Task goal: Extract all lines in the data that contain the word "Gift".

---

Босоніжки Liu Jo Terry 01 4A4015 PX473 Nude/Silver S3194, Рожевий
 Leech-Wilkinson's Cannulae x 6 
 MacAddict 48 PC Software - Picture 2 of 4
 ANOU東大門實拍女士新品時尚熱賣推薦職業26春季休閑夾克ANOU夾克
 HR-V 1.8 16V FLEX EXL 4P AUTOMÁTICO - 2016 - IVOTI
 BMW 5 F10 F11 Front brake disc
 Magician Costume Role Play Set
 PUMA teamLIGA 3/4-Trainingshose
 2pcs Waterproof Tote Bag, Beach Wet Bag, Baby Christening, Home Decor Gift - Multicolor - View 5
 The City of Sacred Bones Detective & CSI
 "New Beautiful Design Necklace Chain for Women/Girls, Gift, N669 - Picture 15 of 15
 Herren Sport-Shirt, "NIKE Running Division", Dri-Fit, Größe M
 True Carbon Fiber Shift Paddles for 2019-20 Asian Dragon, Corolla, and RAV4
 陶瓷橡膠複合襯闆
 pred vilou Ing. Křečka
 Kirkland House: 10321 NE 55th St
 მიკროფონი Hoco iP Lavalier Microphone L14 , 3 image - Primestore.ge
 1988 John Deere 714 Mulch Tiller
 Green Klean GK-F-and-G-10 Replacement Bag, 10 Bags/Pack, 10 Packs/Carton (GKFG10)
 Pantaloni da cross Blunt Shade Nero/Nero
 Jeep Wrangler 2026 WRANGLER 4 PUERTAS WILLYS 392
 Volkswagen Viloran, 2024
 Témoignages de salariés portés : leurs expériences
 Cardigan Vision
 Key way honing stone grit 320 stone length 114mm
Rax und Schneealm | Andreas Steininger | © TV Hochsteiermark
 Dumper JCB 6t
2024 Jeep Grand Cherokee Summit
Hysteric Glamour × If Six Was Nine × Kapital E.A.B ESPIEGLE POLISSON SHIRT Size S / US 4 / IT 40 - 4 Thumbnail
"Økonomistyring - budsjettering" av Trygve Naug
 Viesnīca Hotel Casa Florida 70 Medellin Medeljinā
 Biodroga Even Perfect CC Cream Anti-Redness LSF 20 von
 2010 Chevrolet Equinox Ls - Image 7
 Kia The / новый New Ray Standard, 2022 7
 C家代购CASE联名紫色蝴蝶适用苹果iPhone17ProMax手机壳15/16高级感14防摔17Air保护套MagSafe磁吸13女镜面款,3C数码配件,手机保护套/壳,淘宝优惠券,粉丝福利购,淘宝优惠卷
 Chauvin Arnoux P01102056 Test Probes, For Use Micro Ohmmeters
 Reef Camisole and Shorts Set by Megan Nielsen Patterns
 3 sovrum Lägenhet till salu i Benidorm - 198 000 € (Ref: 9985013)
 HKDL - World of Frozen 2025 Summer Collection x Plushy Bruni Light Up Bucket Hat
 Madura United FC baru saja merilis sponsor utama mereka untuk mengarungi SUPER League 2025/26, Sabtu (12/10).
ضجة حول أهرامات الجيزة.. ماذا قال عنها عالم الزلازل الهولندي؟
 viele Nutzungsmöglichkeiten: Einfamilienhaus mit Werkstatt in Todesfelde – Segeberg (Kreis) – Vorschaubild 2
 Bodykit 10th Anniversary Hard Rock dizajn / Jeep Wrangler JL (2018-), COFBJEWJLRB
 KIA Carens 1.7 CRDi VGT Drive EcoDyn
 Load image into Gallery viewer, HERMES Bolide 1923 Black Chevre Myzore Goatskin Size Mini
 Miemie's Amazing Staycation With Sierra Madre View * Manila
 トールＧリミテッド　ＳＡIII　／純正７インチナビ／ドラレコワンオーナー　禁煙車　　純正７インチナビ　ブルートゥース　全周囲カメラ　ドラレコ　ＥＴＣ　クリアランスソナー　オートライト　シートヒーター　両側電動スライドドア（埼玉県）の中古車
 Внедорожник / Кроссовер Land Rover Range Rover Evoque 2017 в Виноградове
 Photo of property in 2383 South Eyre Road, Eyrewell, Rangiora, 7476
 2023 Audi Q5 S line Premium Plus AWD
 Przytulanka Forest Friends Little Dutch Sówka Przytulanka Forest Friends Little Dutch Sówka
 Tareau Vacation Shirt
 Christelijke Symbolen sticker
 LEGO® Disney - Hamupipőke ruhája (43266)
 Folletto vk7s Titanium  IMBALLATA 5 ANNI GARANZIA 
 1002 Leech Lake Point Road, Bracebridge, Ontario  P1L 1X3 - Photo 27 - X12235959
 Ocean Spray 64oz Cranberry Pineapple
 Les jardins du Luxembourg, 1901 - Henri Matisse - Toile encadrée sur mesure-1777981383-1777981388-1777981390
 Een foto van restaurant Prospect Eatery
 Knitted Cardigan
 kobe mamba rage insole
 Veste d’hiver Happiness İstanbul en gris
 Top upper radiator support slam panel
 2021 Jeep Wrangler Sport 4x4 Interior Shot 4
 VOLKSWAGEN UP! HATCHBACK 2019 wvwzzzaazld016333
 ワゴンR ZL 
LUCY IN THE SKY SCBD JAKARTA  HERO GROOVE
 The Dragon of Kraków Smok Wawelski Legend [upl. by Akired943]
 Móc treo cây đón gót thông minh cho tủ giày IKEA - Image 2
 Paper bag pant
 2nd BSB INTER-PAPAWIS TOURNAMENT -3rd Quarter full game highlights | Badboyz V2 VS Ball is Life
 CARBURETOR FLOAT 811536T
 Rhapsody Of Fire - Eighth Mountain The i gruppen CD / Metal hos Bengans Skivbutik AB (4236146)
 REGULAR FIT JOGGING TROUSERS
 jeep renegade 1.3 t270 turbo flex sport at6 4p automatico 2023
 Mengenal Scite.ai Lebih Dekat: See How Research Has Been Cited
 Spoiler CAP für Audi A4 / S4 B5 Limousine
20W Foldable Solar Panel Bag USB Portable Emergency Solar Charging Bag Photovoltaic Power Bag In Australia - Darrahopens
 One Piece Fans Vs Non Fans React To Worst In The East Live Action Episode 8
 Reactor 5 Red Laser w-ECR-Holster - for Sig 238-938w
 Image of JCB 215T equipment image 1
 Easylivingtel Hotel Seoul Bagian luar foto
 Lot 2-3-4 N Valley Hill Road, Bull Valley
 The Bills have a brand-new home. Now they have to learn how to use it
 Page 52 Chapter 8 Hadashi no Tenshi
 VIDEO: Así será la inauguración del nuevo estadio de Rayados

---

Task response:
 2pcs Waterproof Tote Bag, Beach Wet Bag, Baby Christening, Home Decor Gift - Multicolor - View 5
 "New Beautiful Design Necklace Chain for Women/Girls, Gift, N669 - Picture 15 of 15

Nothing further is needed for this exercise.